The Taiwanese are hard-pressed enough as it is that most industrialized nations that recognize mainland as the "One China" won't sell Taiwan new diesel subs with which to defend itself from the PLA Navy's expanding might. 

*Old Taiwanese submarine to get new pressure hull: MND* 

[chinapost]



> An officer of the naval command stated that agencies such as the China Shipbuilding Corp (CSBC, 台船) and the Ship and Ocean Industries Research and Development Center (SOIC, 船舶暨海洋產業研發中心) have been appointed as the responsible agencies.
> 
> The officer also stated that the submarine in question is extremely old, which is why the reconstruction is necessary. *In reality, both the Seal Submarine and its partner the Sea Lion Submarine have been adopted as training submarines recently and there hasn't been much of an opportunity to submerge them underwater, said the officer*.


----------



## Colin Parkinson (5 Jun 2014)

Well it's nice to see that we don't have the worse submarine procurement scheme going.
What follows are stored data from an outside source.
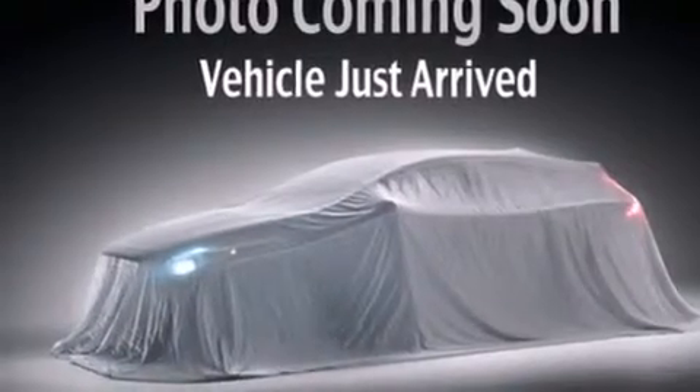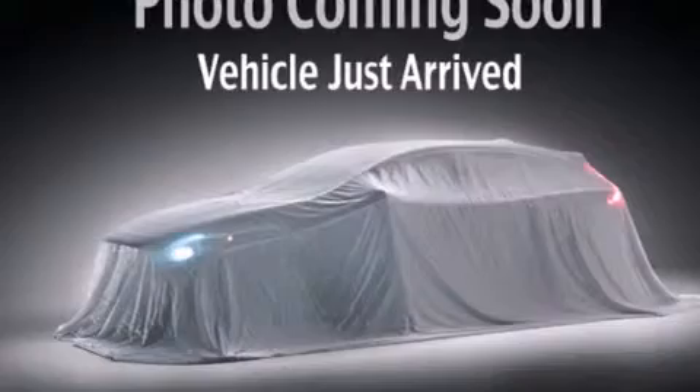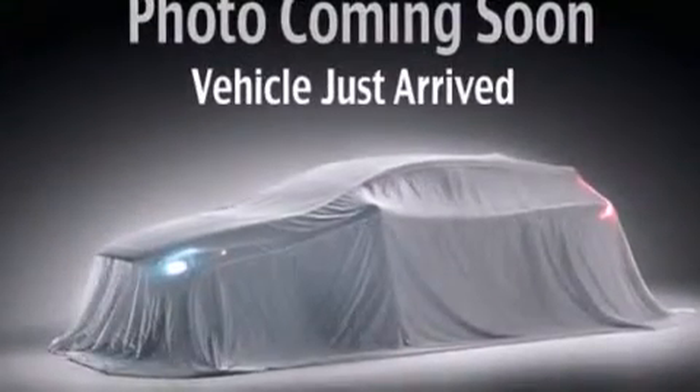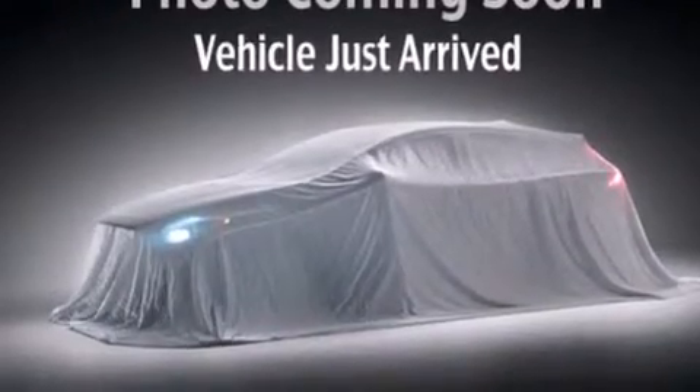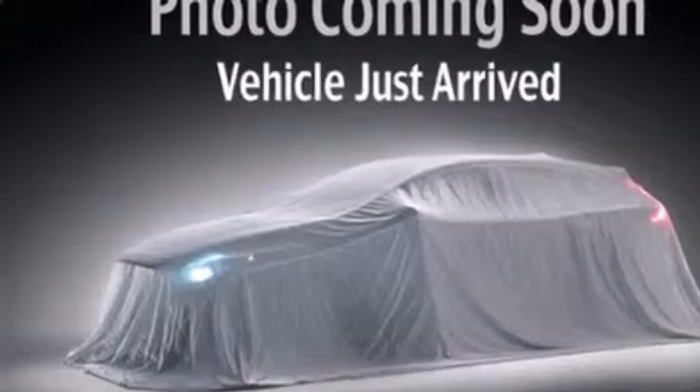Features include Bluetooth cell phone integration, a multi-link rear suspension, an auto-dimming rearview mirror, 12-volt power outlets, front multi-stage airbags, rear seat child-proof door locks, air conditioning, a home link feature, front and rear reading lights, and a rearview camera.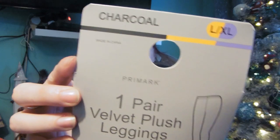Next I have the velvet plush leggings. I wanted to get some when we went to Birmingham but didn't have enough money. These are leggings which look quite small but they stretch, and they have a velvet fur lining inside so they keep you extra warm. These were £7. They had lots of colors — I just went for charcoal. I got them in large/XL because they do look really small when you first open them, but they stretch. I'm looking forward to trying those.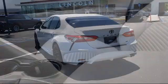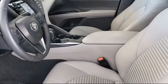Also included are dual front side impact airbags, tire pressure monitoring system, alloy wheels, steering wheel controls, and it has less than 50,000 miles on the odometer.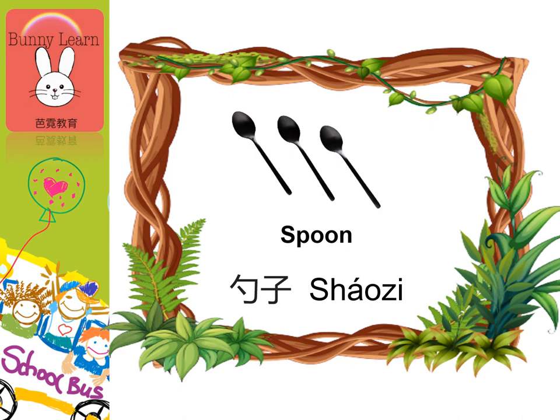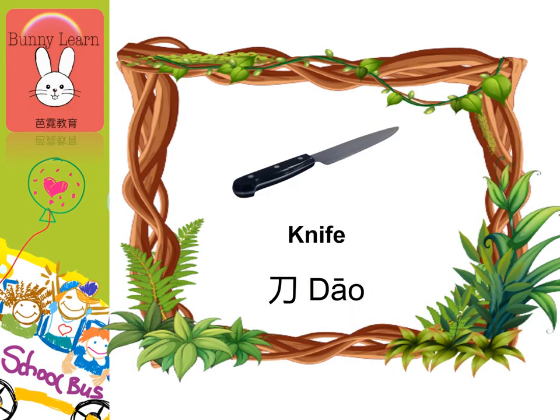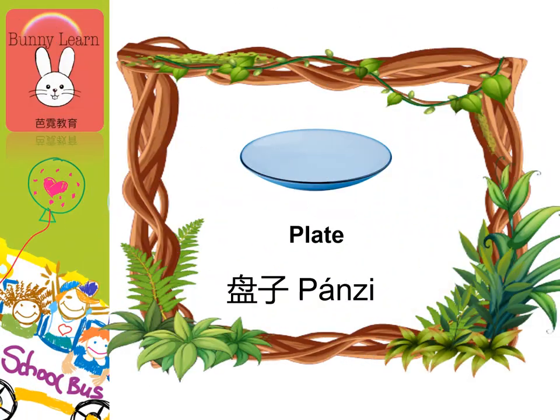Spoon, 勺子. Fork, 叉子. Knife, 刀. Chopsticks, 筷子. Plate, 盘子.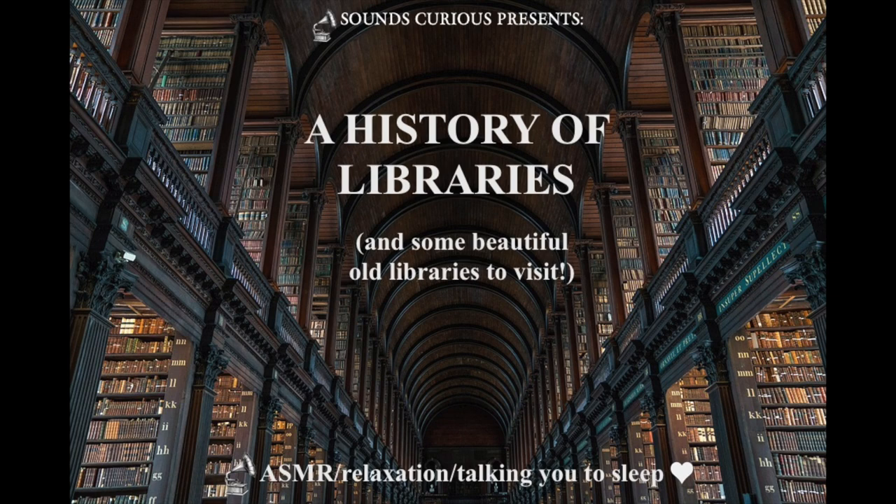That wonderful, hushed atmosphere, that amazing scent that you always seem to get in old libraries, which is a sort of mingling of old wood, old paper, dust, and antique leather book bindings. It's such a wonderfully evocative scent that always lifts up your heart, I think, if you're a bibliophile.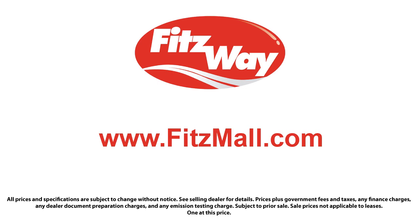Fitzgerald Auto Malls is the first and only auto dealer group in North America to have achieved the ISO certification. So you can buy with confidence knowing that you're in the best possible hands. The Fitzway puts the customer first with honesty, respect, and a total commitment to customer satisfaction. That's the Fitzway.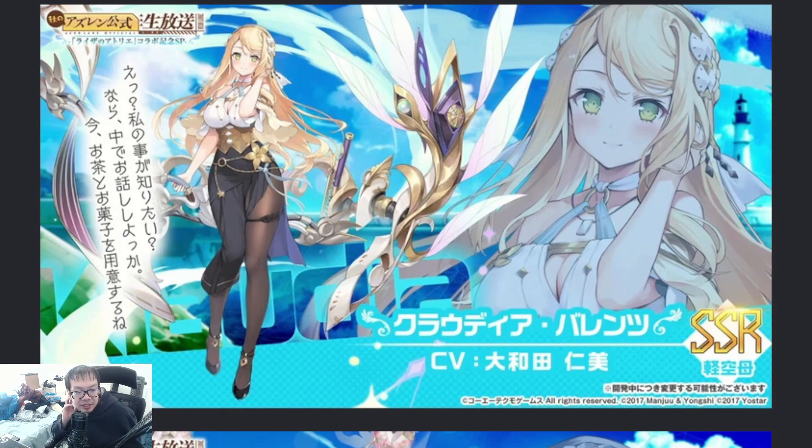Next, we have Claudia Valance — the next character on our list. By the way, guys, I've never played Atelier Ryza. I was going to get to it eventually but never played it. I don't know when I'm going to start playing the games, but maybe in the future. It's like one of the very few big JRPG franchises I've never touched yet. I've played pretty much all the big ones except Atelier Ryza, which is still decently big.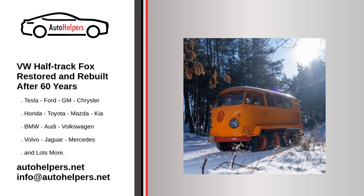The restored half-track Fox makes its public debut just in time for the European launch of the electric VW ID. Buzz, scheduled to reach the United States in 2023 as a 2024 model. The ID. Buzz was inspired by the original microbus and will also be built in Hanover. It would probably look pretty cool as a half-track too.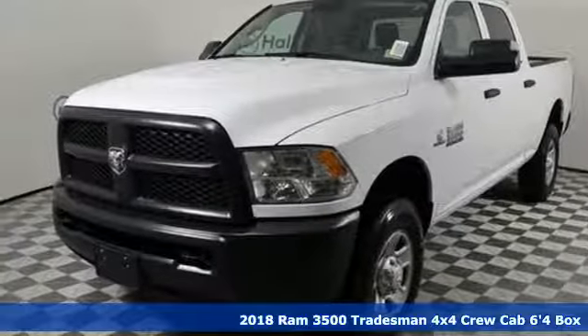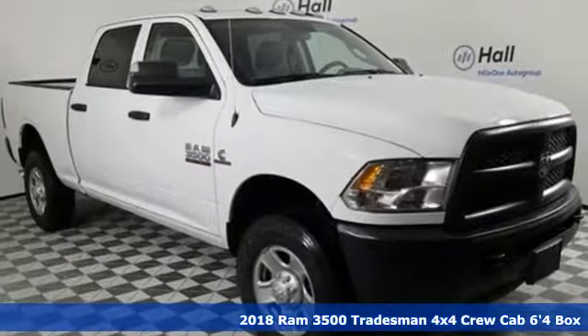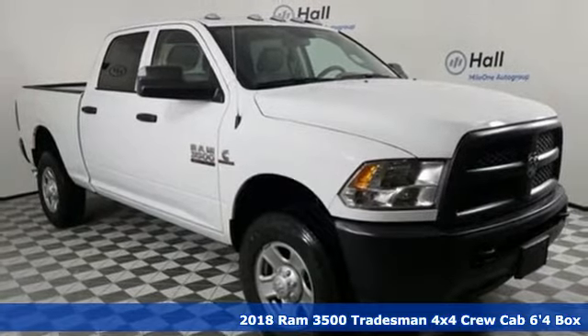It's a new 2018 Ram 3500. From the decades of testing and engineering to the build, it's born to be on the job site. And with features like these, every drive is a pleasure.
I can't imagine that is a cost effective way to do things.


----------



## Ignatius J. Reilly (6 Jun 2014)

Might as well toss the money out the window.
The two R.O.C. Navy subs should have been scrapped long ago.
They are notoriously unsound.


----------



## CougarKing (7 Jun 2014)

Ignatius J. Reilly said:
			
		

> Might as well toss the money out the window.
> The two R.O.C. Navy subs should have been scrapped long ago.
> They are notoriously unsound.



The report is focusing on the two older ex-USN Tench type subs they are using for training.

Taiwan still has the other 2 Dutch-made _Hai Lung_/"Sea Tiger" class subs which were made in the 1980s, if I can recall correctly, and still used in front line service.


----------